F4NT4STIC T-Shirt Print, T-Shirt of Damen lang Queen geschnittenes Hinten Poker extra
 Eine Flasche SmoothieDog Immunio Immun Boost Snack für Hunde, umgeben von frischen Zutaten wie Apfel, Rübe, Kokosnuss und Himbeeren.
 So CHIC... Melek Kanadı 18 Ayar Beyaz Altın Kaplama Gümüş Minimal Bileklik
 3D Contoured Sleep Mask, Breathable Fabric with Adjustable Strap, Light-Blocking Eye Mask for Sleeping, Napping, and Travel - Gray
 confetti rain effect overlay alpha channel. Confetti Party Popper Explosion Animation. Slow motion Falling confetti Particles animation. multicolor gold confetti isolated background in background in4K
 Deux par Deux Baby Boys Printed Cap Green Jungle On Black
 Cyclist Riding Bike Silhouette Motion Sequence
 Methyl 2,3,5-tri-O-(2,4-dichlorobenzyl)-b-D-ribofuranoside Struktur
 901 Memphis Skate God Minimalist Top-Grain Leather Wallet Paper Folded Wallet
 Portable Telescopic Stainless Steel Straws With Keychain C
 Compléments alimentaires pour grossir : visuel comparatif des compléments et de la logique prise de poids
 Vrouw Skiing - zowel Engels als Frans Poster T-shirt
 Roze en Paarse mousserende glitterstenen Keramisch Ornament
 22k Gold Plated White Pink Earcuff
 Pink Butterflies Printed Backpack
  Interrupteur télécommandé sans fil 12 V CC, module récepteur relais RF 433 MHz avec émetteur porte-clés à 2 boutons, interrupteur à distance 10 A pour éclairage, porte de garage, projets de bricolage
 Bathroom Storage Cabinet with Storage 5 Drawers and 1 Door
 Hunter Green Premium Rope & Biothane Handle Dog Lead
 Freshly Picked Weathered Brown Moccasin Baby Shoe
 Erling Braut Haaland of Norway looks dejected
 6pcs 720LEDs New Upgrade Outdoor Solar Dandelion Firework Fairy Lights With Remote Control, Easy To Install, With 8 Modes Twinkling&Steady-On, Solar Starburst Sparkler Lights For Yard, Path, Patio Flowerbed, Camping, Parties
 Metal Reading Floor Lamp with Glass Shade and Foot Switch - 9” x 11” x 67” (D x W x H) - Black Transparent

────

__Problem description__
Using the data above, repeat exactly the lines that begin at the line with "Hunter Green Premium" and end at the line with "Erling Braut Haaland", both ends included.

__Answer section__
 Hunter Green Premium Rope & Biothane Handle Dog Lead
 Freshly Picked Weathered Brown Moccasin Baby Shoe
 Erling Braut Haaland of Norway looks dejected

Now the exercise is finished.